Gay men's sexual behaviour will soon have less of an impact on their ability to give blood after an Australian Red Cross pitch to cut red tape.
Laws preventing men who've had sex with men from donating will change from a 12 months' abstinence requirement to three months following a submission from Lifeblood to the Australian regulator, the Therapeutic Goods Administration.
Lifeblood initially proposed postponement to three months for whole blood. It then provided a further submission to include plasma and platelet donations.
"We're pleased that the TGA has approved our submissions to reduce the postponements for whole blood, plasma and platelet donations to three months and can report that our proposal has been agreed to by all Australian governments," a Lifeblood spokesperson said.
A spokesperson for ACT Health said the TGA has advised that consideration of this regulatory change was required by all Australian governments and, accordingly, this work is underway in the ACT.
"The ACT government is working through the implications of this TGA decision," the spokesperson said.
"The area undertaking this work is the same area responsible for our response to the COVID-19 pandemic.

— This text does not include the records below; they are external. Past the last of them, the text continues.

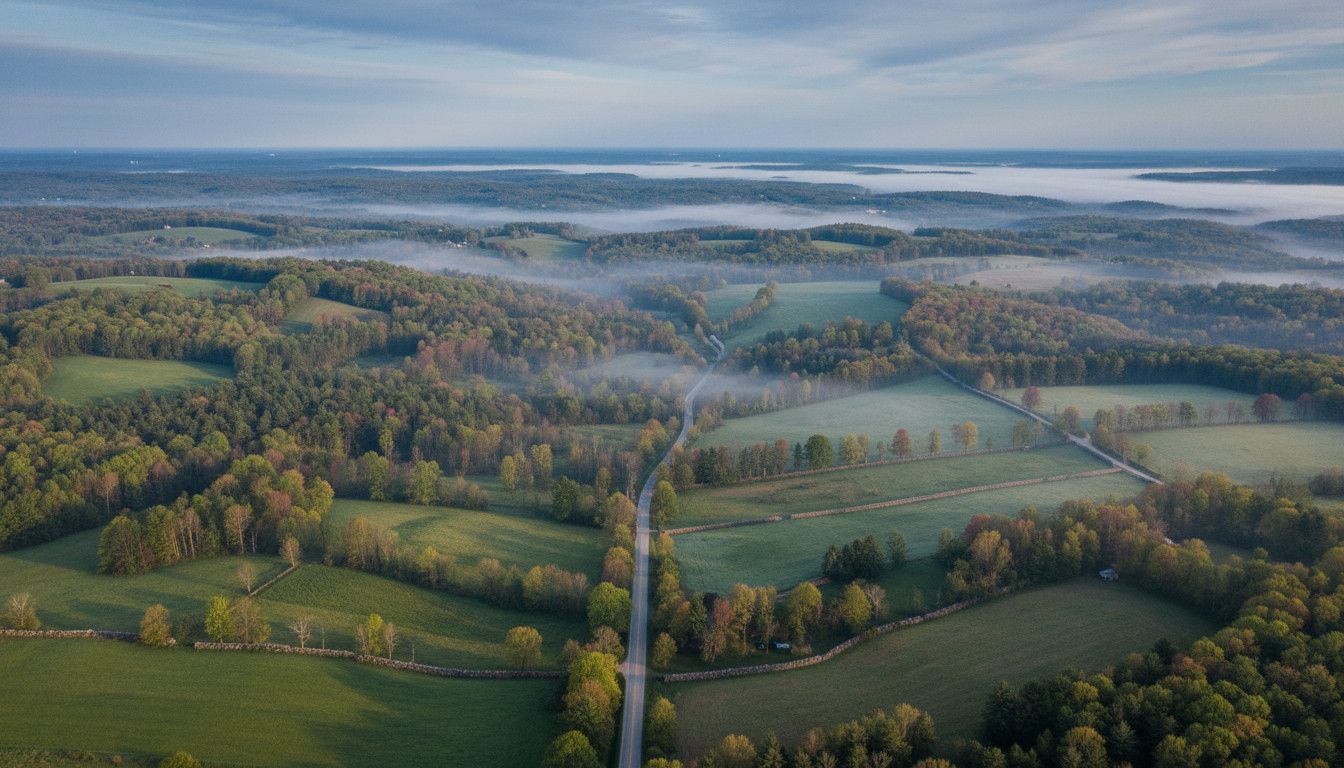 Discover the Charm of Living in Lafayette Township NJ: A Community That Will Surprise You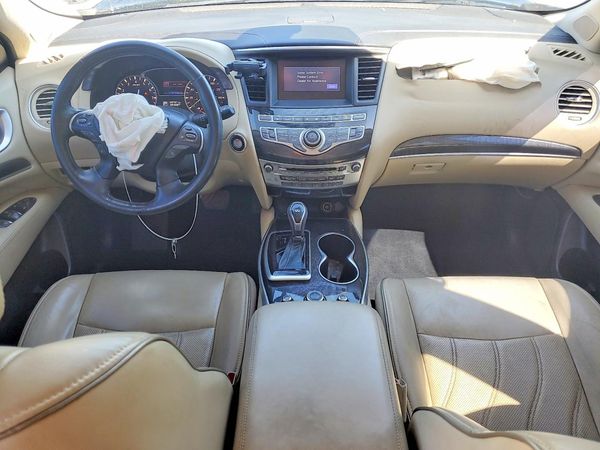 2017 INFINITI QX60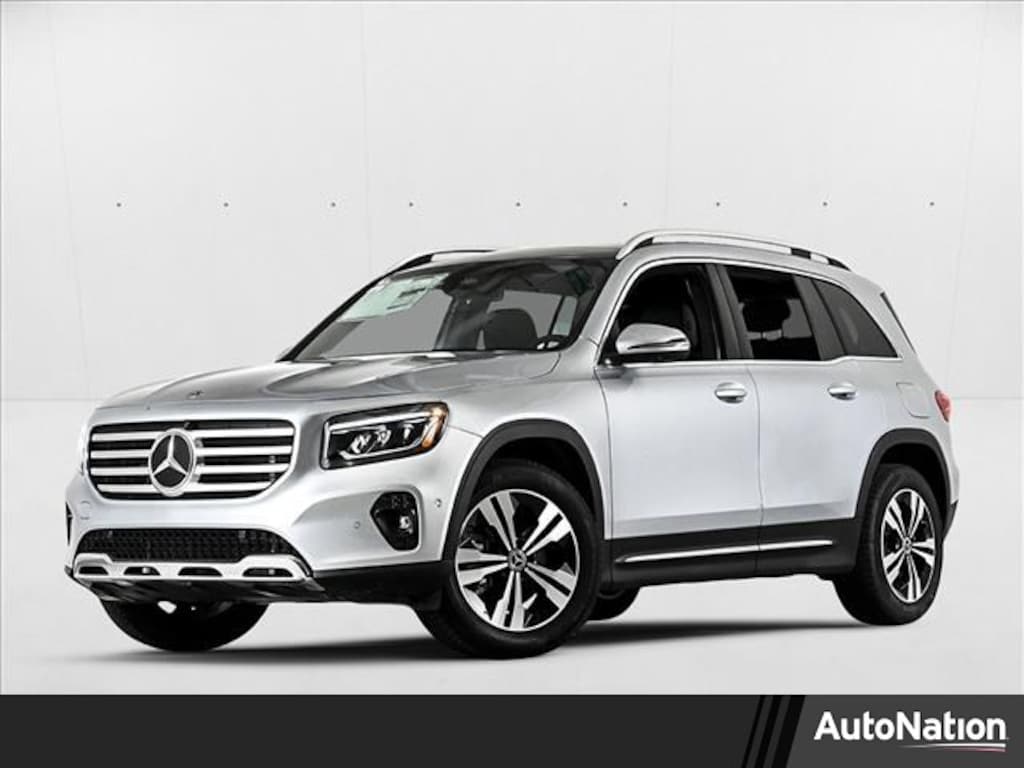 New 2026 Mercedes-Benz GLB 250 4MATIC SUV
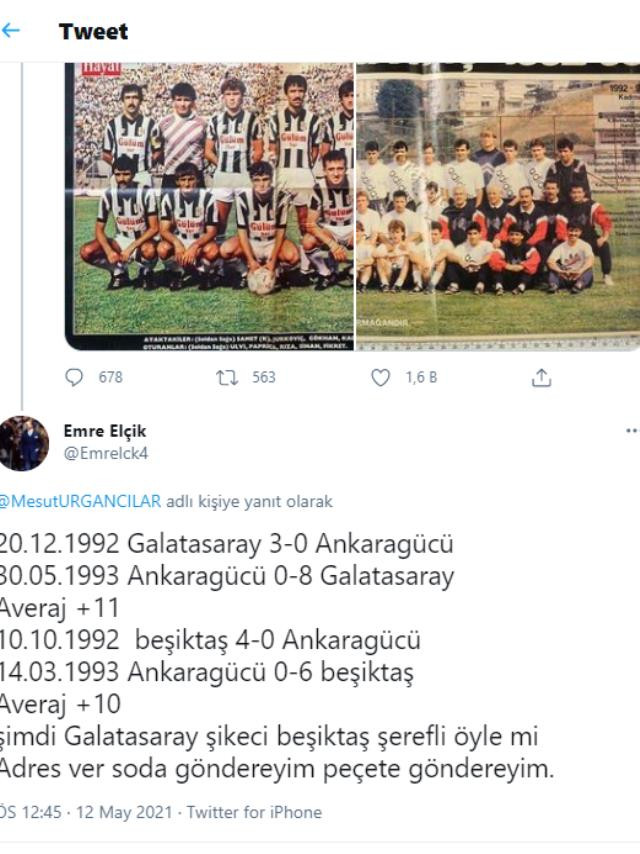 Beşiktaş Genel Sekreteri Mesut Urgancılar, Galatasaray'ı Şikeyle Suçladı: Ortalık Karıştı! - Resim: 3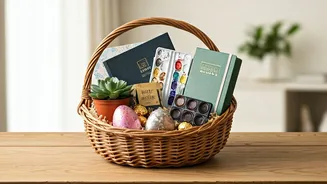Beyond the Bunny: Creative Easter Basket Ideas for All Ages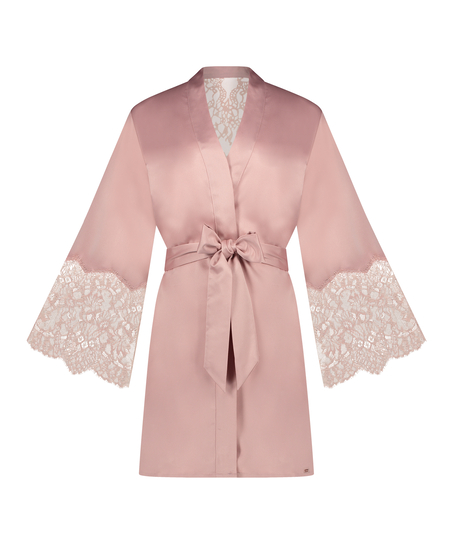 Camille Kimono, Pink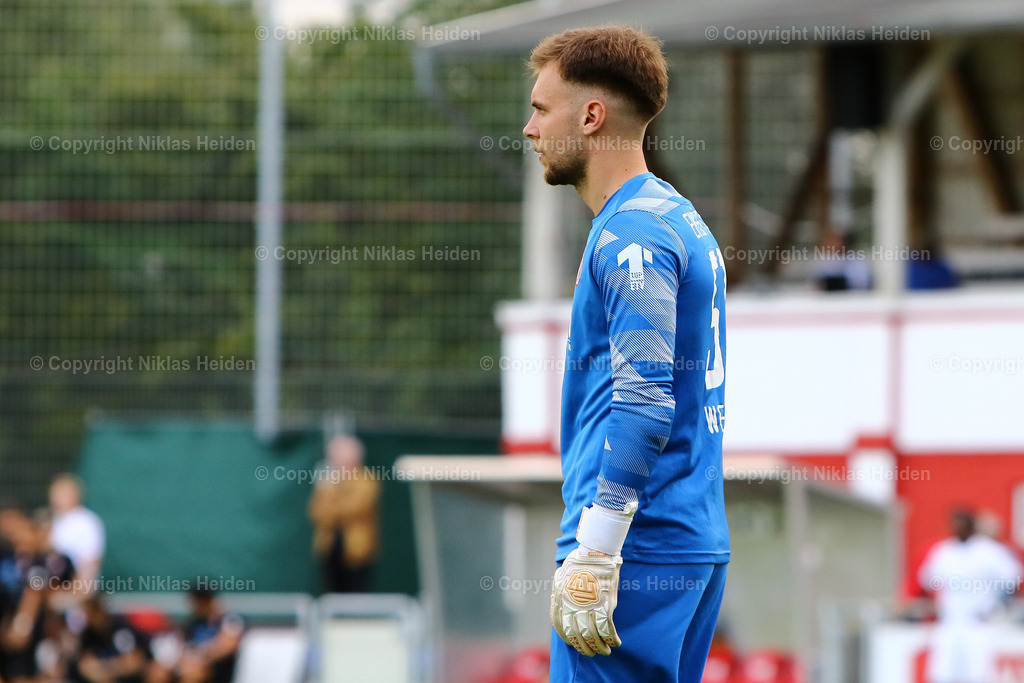 NH_KiliaKiel_EimsbuettelerTV_RegionalligaNord_26082023 | #51 Viktor Weber (Eimsbütteler TV)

Unavoidably, this has affected the speed of the process somewhat."
Advisory body scientists and medical professionals, alongside recommendations from the Advisory Committee on Biologicals, determined the 12-month deferral period for donors whose sexual practices put them at increased risk of blood, cell or tissue transmission infected diseases was unnecessary.
The deferral period is applied to donor groups Lifeblood identified as high risk, including sex workers and homosexuals.
Lifeblood flagged those groups as a higher risk for transmissions of viral infections, HIV, the virus causing AIDS, of particular concern.
Restrictions exist despite a national campaign to address blood donation shortages which has requested more than 800 donors come forward in the ACT over the next two weeks.
ANU Queer* Department's Vincent Li said while the reduction from 12 months to three is a move in the right direction any time limitation still felt queerphobic.
"The policy dated back to the 1980s to the AIDS crisis around the better part of the world," he said.
Mr Li said advancements in research and technology now allowed Lifeblood to screen for HIV and Hepatitis.
"If you're already going to do those two screenings which you have an irrational fear that queer man might be more likely to be exposed to, why are you putting three month abstinence in place?"
The Australian Federation of AIDS Organisations Chief Executive Officer Darryl O'Donnell said the decision better aligned blood donation policy with science.
"The previous 12-month deferral period was excessive," Mr O'Donnell said.
Mr O'Donnell noted the deferral did not yet apply to people who use the HIV prevention medicine pre-exposure prophylaxis.
"The widespread use of PrEP outside clinical trials is relatively recent and there hasn't been enough real-world data at this stage to support a shorter deferral period for PrEP users. We're continuing to work closely with Lifeblood on this issue and will advocate for a lower deferral as soon as evidence allows," he said.
Lifeblood has been deferring donors who declare a history of male to male sex since the mid-1980s. The current 12 month deferral period was introduced in 2000 and was considered liberal.
Over the past few years, a number of international regulators have moved to reduce deferral periods for donors with high risk sexual practices, based on accumulating scientific evidence.
In November 2017, the United Kingdom began moving from 12 to three months for deferrals for all sexual activity-based risks including male-to-male sex.
Canada and the United States also reduced the blood donation waiting period for men who have sex with men from one year to three months in 2019 and 2020.
The deferral period for high-risk sexual practices in New Zealand remains at 12 months.